*What to do*: Transcribe the records word for word. Leave every picture out.

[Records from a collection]
▼

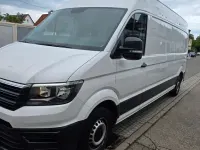 Gebraucht VW Crafter 140 PS (102 kW) 2019 Weiß Van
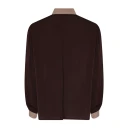 Bruuns Bazaar Kamillebblure Shirt   ROASTED CASHEW   40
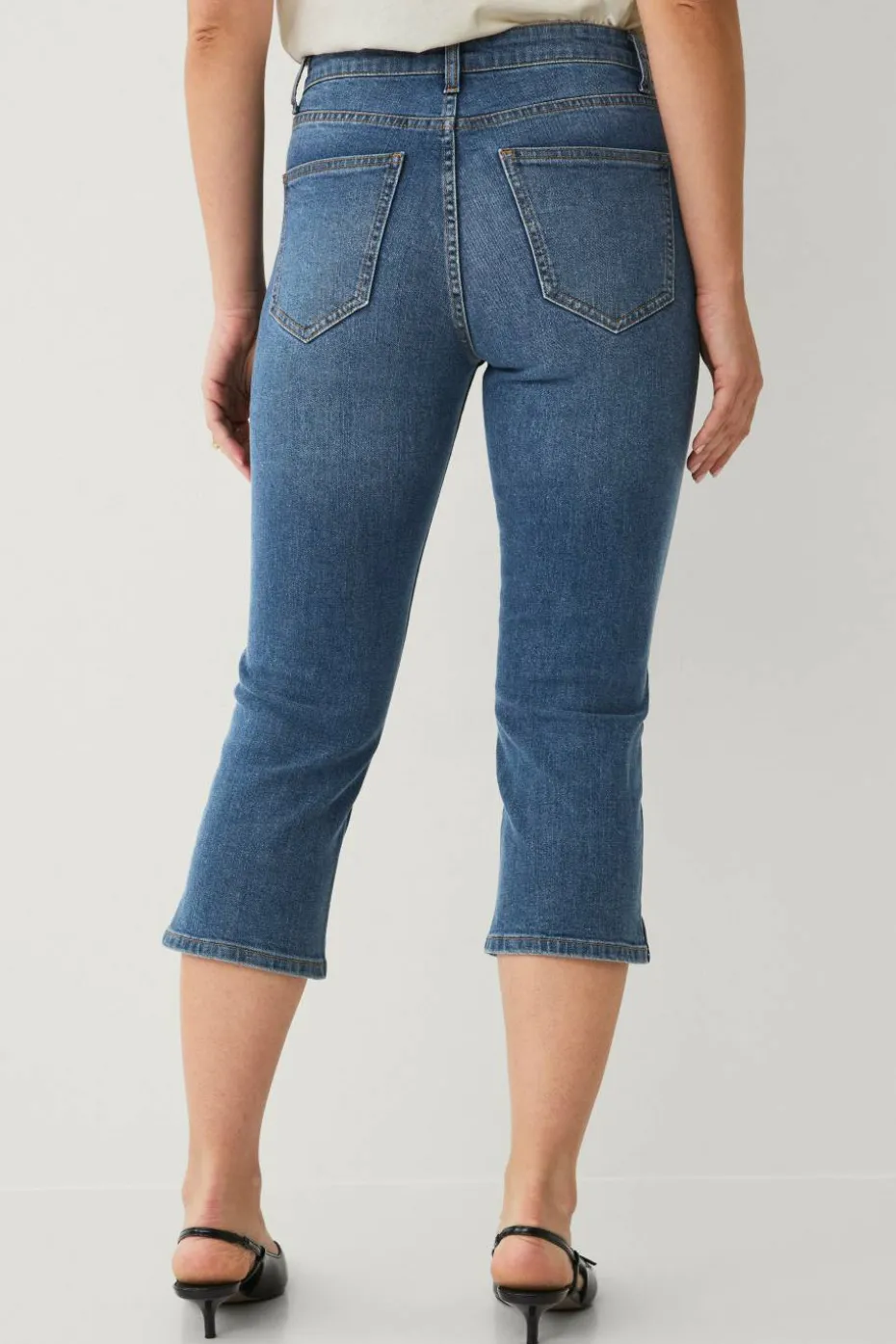 Ellos Collection Caprijeans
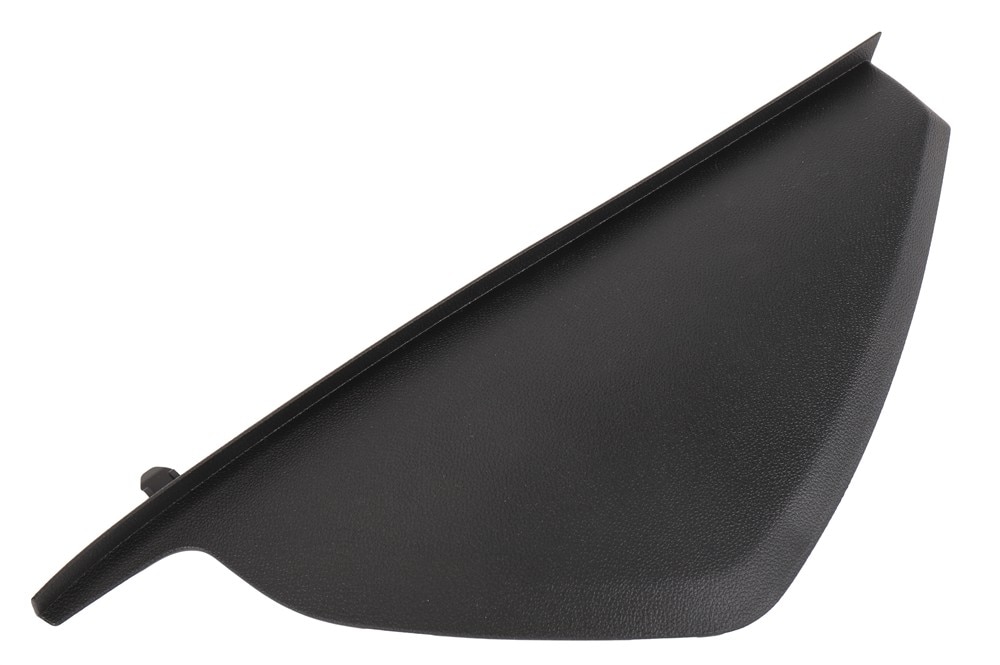 GM Genuine Parts Black Passenger Side Instrument Panel Outer Trim Cover
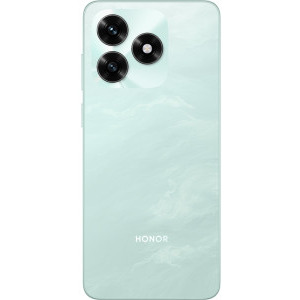 Honor X5c Plus, 64GB, 4GB RAM, Dual SIM, 4G, Tri-Camera, Ocean Cyan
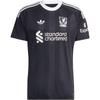 Liverpool FC 25/26 Al treilea portar 'Negru' Bărbați JV6477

▲

*Reply*:
 Gebraucht VW Crafter 140 PS (102 kW) 2019 Weiß Van
 Bruuns Bazaar Kamillebblure Shirt   ROASTED CASHEW   40
 Ellos Collection Caprijeans
 GM Genuine Parts Black Passenger Side Instrument Panel Outer Trim Cover
 Honor X5c Plus, 64GB, 4GB RAM, Dual SIM, 4G, Tri-Camera, Ocean Cyan
 Liverpool FC 25/26 Al treilea portar 'Negru' Bărbați JV6477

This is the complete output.